In one incident, a burst water main caused a 70-foot-wide sinkhole to open, forcing a two-month halt to tunneling and the closure of local businesses.
A December 19, 1995 Los Angeles Times article states that:
“The broadcast raised no new issues for local viewers who have become accustomed to bad news from the MTA. But it weaved the history of cost overruns, ground sinkages and other problems at the agency into a damning portrait of bureaucratic ineptitude, suggesting that the subway has joined riots and earthquakes among the ranks of Southland disasters.”
A number of additional factors contributed to delays in Metro Rail Red Line subway construction: a Bus Riders Union lawsuit, the ensuing 1996 Consent Decree, a brain drain from multiple voluntary and directed layoffs, the disbandment of the Rail Construction Corporation Board of Directors in favor of a Metro Construction Committee, three different Metro CEOs between 1993 and 1997, several high-profile project cancelations (e.g. Pasadena extension, thirteen electric trolley bus lines), and Federal Transit Administration suspension of federal funding to Metro.

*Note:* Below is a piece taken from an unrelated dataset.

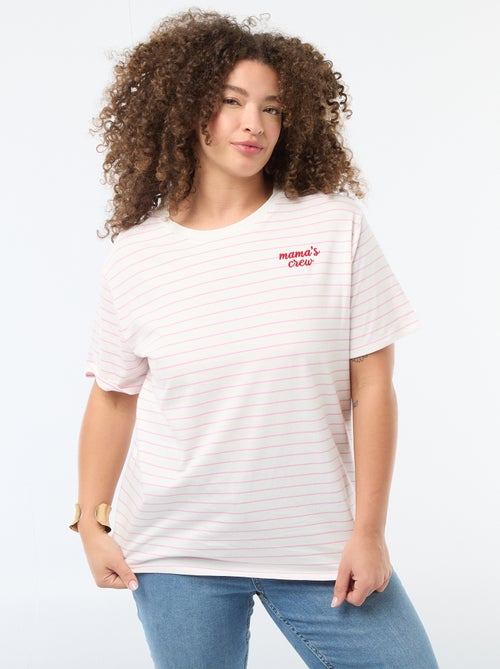 Camiseta 'Día de la Madre' estampada manga corta - Kiabi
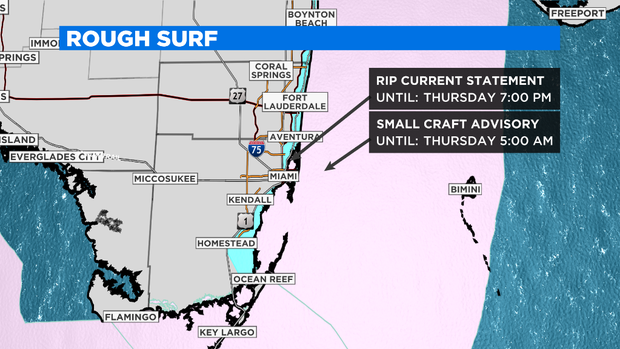 Rip Current and Small Craft Advisory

During the chaos, the Tunnel Advisory Panel kept working and made major changes and improvements to our tunneling methods, procedures and technology.
“Earth pressure balance” boring machines were developed as more advantageous over traditional tunneling machinery.
In 2005, Waxman worked with Los Angeles Mayor Antonio Villaraigosa to appoint a five-member peer review panel of independent tunneling experts to review a subway tunneling proposal using earth pressure balance technology.
In November, 2005, the panel reported that tunneling along Wilshire Boulevard and the operation of subway trains west of Western Avenue (where the project had been halted) could be done safely using new technology.

The American Public Transportation Association (APTA) Peer Review Panel’s final report detailed both general conclusions and detailed conclusions along with general recommendations, while also explaining the difference in boring technologies.
California Congressman Henry Waxman’s legislation (H.R.238 of the 110th Congress), cosponsored by Congressman Brad Sherman, passed by voice vote.
Los Angeles City Councilman Tom LaBonge put forth a motion to study continuing tunneling down Wilshire Boulevard and to seek overturning the federally defined Methane Risk Zone.